When however you start MLFLow server from inside docker but decide to run API from command line, MLFlow server will be called by IP and not container name
Difference in Dockerfile for API
ENTRYPOINT ["gunicorn", "--chdir", "api", "app:app", \
"-k", "uvicorn.workers.UvicornWorker",\
"-b", "0.0.0.0:5002", \
"--timeout", "120"]
Difference in Dockerfile for MLOps
CMD ["python", "main.py"]
I have created a separate post to document API code that I included in the repository and can be found under /src/api
The Drawbacks of Local Storage in Containers
As you may have noticed, I did not define where MLFlow store artifacts (models) allowing it to store them in the default location.
So, what’s the challenge with such a local storage setup, especially when using MLFlow with Docker?
Contained Model Storage: One of the primary drawbacks is that the models end up being stored inside the Docker container. While Docker does provide the flexibility to store files on the host server where it runs, MLFlow seems to bypass this feature. As a result, the mount point, which typically allows for such external storage, gets overshadowed, making the store exclusively accessible within the container.

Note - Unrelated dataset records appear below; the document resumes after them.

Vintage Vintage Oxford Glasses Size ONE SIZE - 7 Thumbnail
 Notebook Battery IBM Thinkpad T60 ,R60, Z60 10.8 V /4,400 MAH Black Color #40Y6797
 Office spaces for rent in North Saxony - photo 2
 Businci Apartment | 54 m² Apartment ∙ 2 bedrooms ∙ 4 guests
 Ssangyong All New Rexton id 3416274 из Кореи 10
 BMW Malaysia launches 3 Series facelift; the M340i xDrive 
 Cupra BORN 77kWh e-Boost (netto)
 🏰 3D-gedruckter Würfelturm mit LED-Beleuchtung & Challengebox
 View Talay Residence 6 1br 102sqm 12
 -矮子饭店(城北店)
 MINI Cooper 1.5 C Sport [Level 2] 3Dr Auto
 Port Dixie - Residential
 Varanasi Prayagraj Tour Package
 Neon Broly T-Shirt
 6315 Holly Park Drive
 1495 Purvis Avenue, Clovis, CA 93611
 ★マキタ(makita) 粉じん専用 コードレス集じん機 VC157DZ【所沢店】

For my personal tests I was successful utilising AWS storage. However my project did not allow for extremal storage hence the models are stored inside the container.
In Retrospect
This project marked was my first when I combined MLFlow and Docker. Prior to this, my experiences were rooted in more straightforward projects, with my training primarily centered around basic API and model serving frameworks. As I continue to evolve and learn, I may revisit and update this post, sharing refinements and enhancements to the solution.